O ser humano tem atuado como um predador tecnológico da natureza, com uma velocidade sem precedentes. Mas depreda também os mais fracos, os mais pobres, que são as primeiras vítimas desses fenômenos extremos. Já temos, pelo mundo, o cenário de potenciais guerras climáticas, de conflitos por conta de água e de áreas cultiváveis. É o futurismo caótico de Mad Max [filme australiano lançado em 1979 (depois com sequências), tendo Mel Gibson como protagonista em uma história pós-apocalíptica]?

Sim, exatamente. O homem ainda não está “olhando para cima”. E, enquanto estivermos vendo mudanças climáticas “globais”, não vai haver a tomada de consciência. A partir do momento em que essas mudanças se tornarem “locais”, acontecendo com impactos onde a pessoa vive, aí, talvez, se faça de fato alguma coisa.

O clima não é o maior responsável por tudo que ocorre. Nosso maior problema é o impacto socioeconômico e a vulnerabilidade que afeta a população. Por isso, a África, diante das mudanças climáticas, é o continente que mais tende a sofrer as consequências. Da mesma forma, é a população mais pobre das grandes cidades que tem os primeiros afetados.
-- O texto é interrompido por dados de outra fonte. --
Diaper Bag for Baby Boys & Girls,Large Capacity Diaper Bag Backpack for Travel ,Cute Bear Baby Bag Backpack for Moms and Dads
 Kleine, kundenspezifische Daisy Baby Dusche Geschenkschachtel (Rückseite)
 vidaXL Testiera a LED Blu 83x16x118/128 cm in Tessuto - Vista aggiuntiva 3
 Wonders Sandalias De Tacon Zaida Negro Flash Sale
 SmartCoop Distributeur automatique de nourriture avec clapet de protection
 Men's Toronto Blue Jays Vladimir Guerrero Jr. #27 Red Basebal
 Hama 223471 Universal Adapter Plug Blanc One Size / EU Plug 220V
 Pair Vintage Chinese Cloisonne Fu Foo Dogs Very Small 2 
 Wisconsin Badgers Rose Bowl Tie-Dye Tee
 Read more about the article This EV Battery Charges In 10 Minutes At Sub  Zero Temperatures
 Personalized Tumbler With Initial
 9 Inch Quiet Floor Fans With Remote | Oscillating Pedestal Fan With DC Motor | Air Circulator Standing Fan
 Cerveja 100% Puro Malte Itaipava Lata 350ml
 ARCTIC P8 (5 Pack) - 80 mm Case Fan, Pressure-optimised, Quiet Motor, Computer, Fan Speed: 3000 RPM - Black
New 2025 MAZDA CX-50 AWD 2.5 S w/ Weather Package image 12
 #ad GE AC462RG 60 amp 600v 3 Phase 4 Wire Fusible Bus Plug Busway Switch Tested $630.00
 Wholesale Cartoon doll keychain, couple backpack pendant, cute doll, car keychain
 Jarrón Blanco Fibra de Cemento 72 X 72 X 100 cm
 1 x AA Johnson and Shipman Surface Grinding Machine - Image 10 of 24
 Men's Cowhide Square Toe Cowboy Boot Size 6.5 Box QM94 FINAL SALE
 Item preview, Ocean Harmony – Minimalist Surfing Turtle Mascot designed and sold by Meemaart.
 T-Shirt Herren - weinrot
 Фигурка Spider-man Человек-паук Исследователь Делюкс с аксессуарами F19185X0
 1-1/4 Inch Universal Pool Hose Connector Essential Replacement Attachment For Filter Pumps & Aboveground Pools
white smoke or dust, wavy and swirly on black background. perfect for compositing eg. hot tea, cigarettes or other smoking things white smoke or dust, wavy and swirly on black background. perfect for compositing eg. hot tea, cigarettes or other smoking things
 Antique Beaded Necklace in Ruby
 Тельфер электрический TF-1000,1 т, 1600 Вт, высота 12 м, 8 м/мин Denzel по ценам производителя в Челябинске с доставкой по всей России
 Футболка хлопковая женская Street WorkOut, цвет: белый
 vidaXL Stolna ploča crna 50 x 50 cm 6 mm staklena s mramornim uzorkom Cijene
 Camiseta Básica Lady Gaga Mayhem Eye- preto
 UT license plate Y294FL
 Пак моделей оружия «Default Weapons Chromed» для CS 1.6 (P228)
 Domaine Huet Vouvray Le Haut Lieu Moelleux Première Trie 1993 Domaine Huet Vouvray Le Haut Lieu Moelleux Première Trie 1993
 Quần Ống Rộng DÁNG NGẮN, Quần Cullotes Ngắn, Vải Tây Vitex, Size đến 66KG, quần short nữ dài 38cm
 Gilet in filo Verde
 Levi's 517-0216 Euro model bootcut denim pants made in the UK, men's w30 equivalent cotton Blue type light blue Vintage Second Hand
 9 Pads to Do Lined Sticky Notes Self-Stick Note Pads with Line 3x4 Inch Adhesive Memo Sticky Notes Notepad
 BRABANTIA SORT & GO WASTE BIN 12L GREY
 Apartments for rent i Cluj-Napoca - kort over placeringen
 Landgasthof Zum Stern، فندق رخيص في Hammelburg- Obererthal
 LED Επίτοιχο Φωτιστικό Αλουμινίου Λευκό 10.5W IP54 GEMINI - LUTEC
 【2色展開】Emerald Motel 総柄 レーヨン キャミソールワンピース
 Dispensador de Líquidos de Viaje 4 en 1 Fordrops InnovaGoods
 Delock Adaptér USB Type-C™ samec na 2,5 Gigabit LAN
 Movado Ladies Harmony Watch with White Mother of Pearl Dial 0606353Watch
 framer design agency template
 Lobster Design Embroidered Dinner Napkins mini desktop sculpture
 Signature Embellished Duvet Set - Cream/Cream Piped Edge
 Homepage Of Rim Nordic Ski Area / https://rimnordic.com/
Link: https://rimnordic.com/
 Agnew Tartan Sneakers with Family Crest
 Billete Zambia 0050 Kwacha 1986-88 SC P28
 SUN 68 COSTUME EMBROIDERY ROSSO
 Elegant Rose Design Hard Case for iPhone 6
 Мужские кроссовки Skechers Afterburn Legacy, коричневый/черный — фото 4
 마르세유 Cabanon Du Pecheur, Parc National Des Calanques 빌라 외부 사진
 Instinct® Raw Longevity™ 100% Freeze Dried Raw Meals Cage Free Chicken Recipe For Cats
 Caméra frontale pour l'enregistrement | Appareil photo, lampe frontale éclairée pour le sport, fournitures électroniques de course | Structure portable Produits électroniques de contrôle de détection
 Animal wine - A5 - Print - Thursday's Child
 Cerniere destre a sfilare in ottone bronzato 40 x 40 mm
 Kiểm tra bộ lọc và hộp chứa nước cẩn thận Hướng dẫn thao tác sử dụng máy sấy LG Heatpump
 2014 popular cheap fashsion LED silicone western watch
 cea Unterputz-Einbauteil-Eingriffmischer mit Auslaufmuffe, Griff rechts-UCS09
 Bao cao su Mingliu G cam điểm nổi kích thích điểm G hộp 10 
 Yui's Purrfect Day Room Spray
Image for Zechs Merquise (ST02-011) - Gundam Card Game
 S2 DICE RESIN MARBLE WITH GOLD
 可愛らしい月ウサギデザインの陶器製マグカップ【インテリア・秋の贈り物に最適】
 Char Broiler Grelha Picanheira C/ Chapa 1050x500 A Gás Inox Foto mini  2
É definitivamente uma questão social e econômica. Em Goiânia, os que mais sofrem são os que estão nas planícies de inundação e em áreas de risco. É quem se vê obrigado a transitar pelas ruas em um momento de chuva intensa, arriscando-se com um bem que custou a adquirir com algum sacrifício – uma moto, uma bicicleta – e, muitas vezes, perde a vida tentando conservar esse bem em meio a uma enxurrada. A chuva causa problemas, sim. Mas espacialmente vai causar problemas onde está a população mais vulnerável, não no Aldeia do Vale [condomínio de luxo na região norte de Goiânia].